In the run game, Ragnow may not bury people into the dirt the way Nelson does, but he doesn’t lose, and he usually wins – and those aren’t opposite sides of the same statement. There are many plays in a game where a blocker neither wins nor loses, but rather holds station against a defensive lineman. With run defense being all about gap control, on certain plays the blocker and defender are both happy with controlling the same gap, and those are the plays that earn PFF’s ‘expected’ 0.0 grades. When I say Ragnow both wins and doesn’t lose, it’s that he has a high percentage of positive plays beyond those expected plays and a low percentage of negatives.
He's also exceptional on the move. Finds this guy and seals him back inside to buy the RB space towards the sideline: pic.twitter.com/sf4Tkjheyh
— Sam Monson (@PFF_Sam) April 4, 2018
Ragnow, in fact, had the best percentage of negative run-block grades among centers last season and a top five mark in the nation the season before. In 2016, he led the nation in percentage of positive run blocks and ranked sixth in the same statistic this season before going down.

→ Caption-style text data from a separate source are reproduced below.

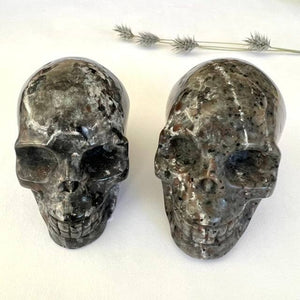 Yooperite Skull Carvings - Luna Lane Crystals
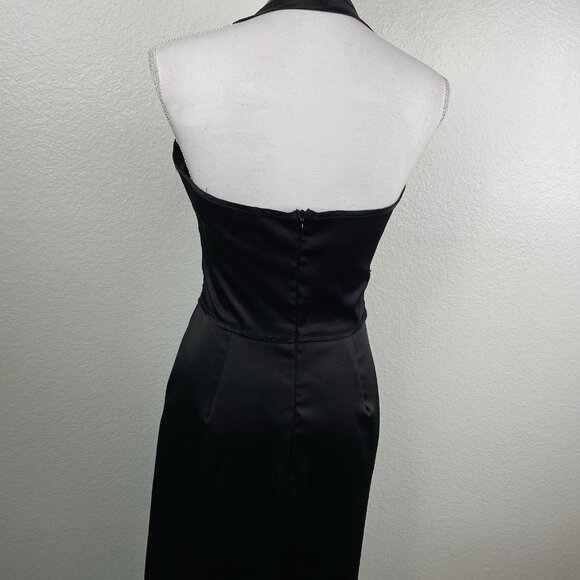 CDC Signature Collection Dress Black Sz 5 Babydoll Halter Ruffle Whimsigoth Prom - Picture 13 of 16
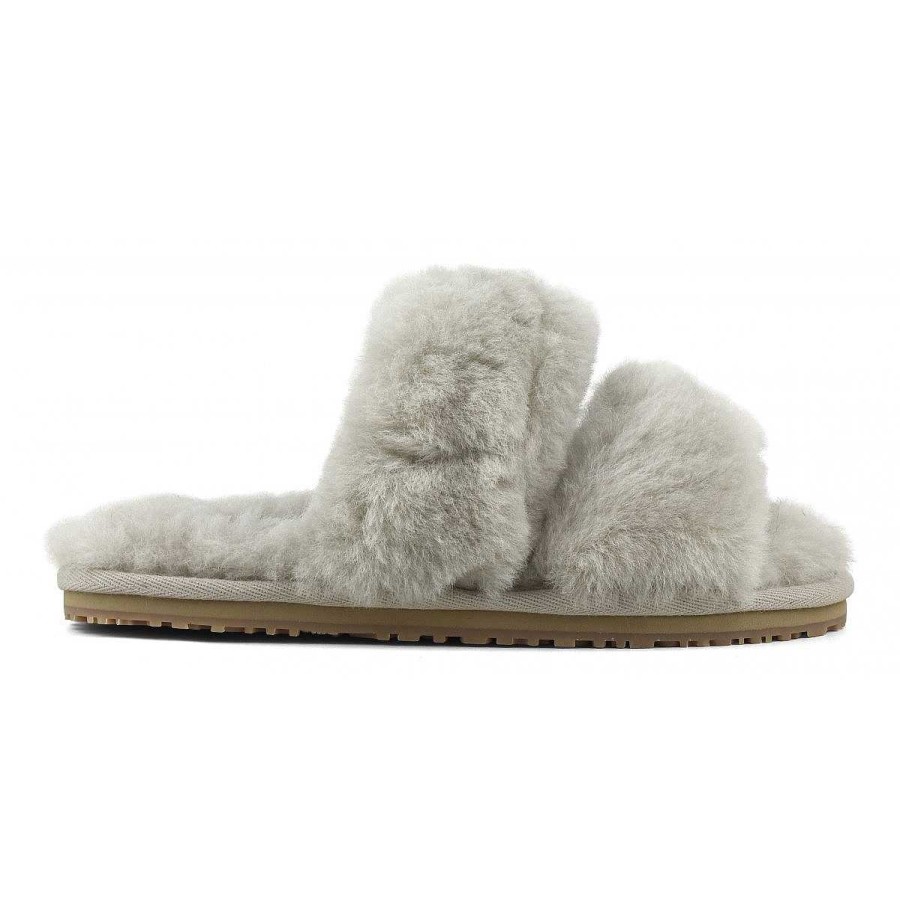 Vrouwen Mou boots Slippers | 2 Strepen Schapenvacht Bont Pantoffel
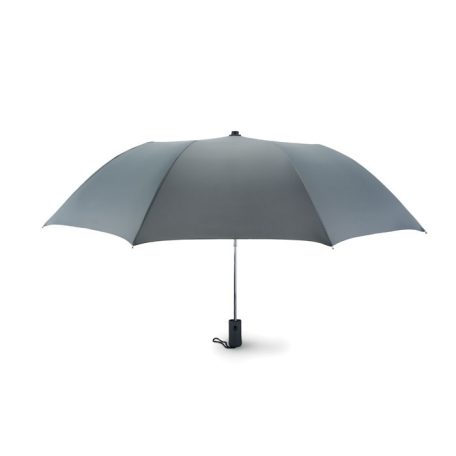 Automata esernyő 190T nyersselyem anyagból, szürke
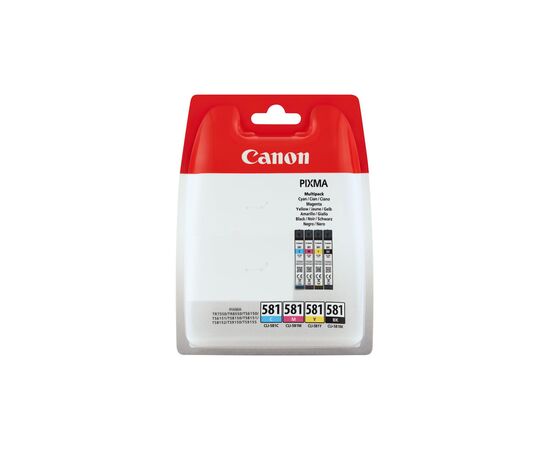 Картридж Canon CLI-581 BK,C,M,Y (2103C007)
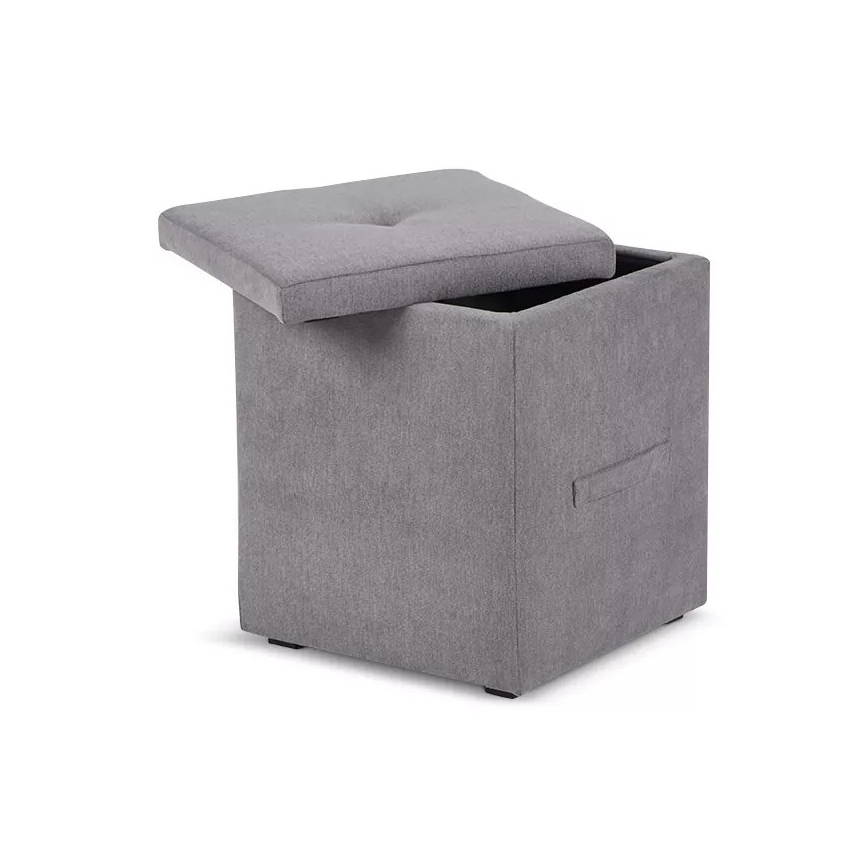 Banc de rangement GRIDI 50x41 cm gris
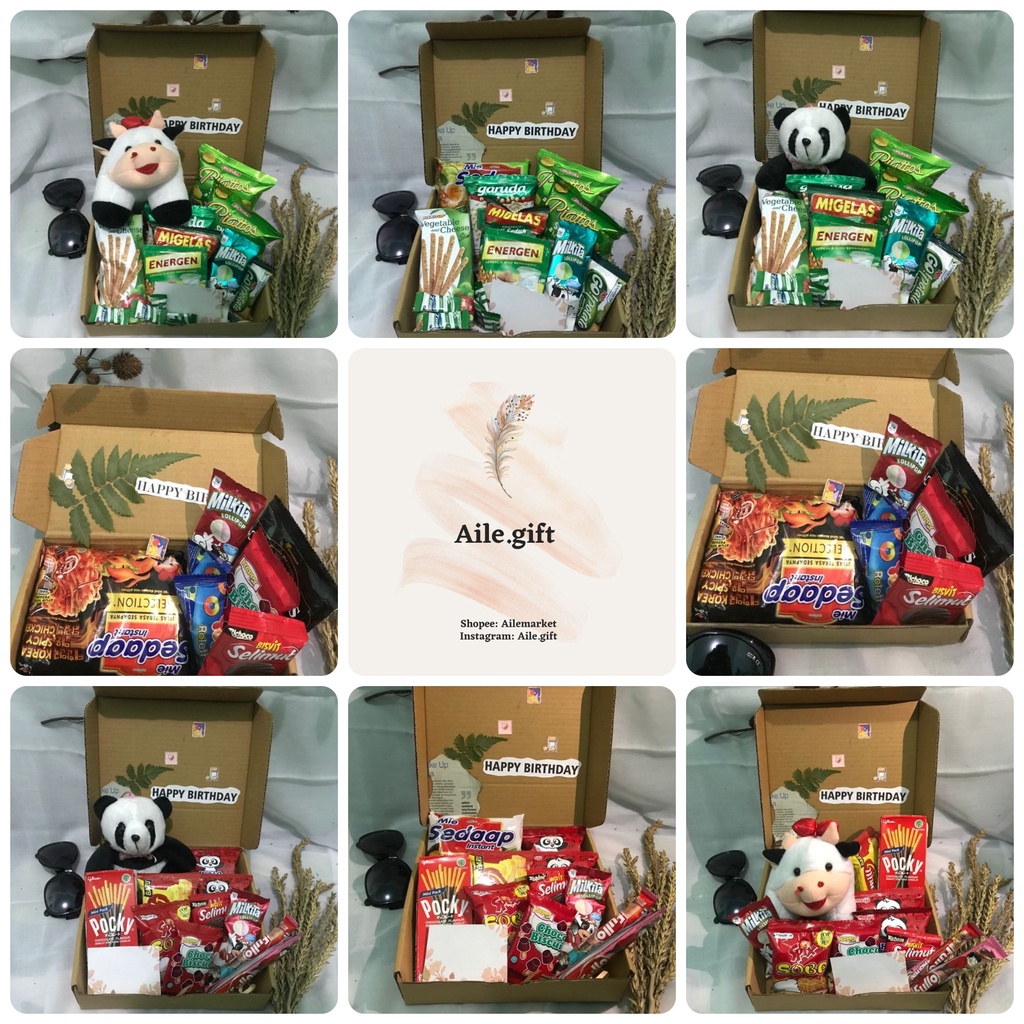 Snack Box - Snack Hampers - Gift Box - Hadiah Ulang Tahun/Sempro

While Nelson embodies the nasty, dominant finishing and raw power that many people look for in offensive line prospects, Ragnow more typifies the player that just gets the job done, regardless of how pretty it looks.
Frank Ragnow should be every bit a first round pick at center in this draft. It doesn't look as pretty as Quenton Nelson, but it's pretty much as effective. Say bye bye linebacker: pic.twitter.com/CL65QVoKht
— Sam Monson (@PFF_Sam) April 4, 2018
Often he is able to maintain a block and work space for the running back even when it looks like he is about to lose, or even when it looks like he has lost early in the snap. His hand strength is incredible, allowing him to maintain blocks and drive defenders out of the point of attack even when it looks like he overcommitted and got himself in trouble early in the play.
Ultimately, there are no bonus points for style and if a player is able to consistently succeed, you need to question just how important it is that it looks pretty from snap to finish. Ragnow is able to consistently perform regardless of competition level and had one of his strongest games of the year against Alabama’s formidable defensive front playing out of position at guard last season.
One of the X-factors surrounding offensive line prospects in the draft is always what degree of position flexibility they bring with them. Ragnow has experience playing guard at Arkansas, and when he has been asked to moonlight there his grades were just as strong as they were inside anchoring the line at center. If a team wanted to install Ragnow at guard early in his career rather than entrust him with the line calls from Day 1, he would likely more than hold his own in that spot.
We are currently diving into some of the data to try and evaluate just how predictive PFF grades are at projecting performance at the next level, now that we have four complete seasons of college grading and three seasons of translating to the NFL. While there are multiple variables at play, one of the most consistent themes across positions is that the players that truly dominate and separate themselves at the top of the PFF grades in college have a very strong likelihood of succeeding at the NFL level. Nelson clearly fits that billing and was the best-graded guard in the nation in 2017, but Ragnow is right there as well, based off the performances we saw from him in 2016 and 2017.
There are things to dislike about Ragnow's tape, but a critical point is what happens immediately after those things, and the fact is that in multiple years of play they have never actually posed a problem. His detractors among the scouting community are banking on a problem suddenly developing based on no more evidence than the fact it is unusual for someone to dominate with that technique. The bottom line at PFF is that we'll believe it's a problem as soon as it actually becomes a problem.
Ragnow's performance is spectacular when you watch and grade every play he takes part in. It’s time we started talking about him as a first-round draft pick, and began asking not whether he belongs in that round but just how high in it he should be taken?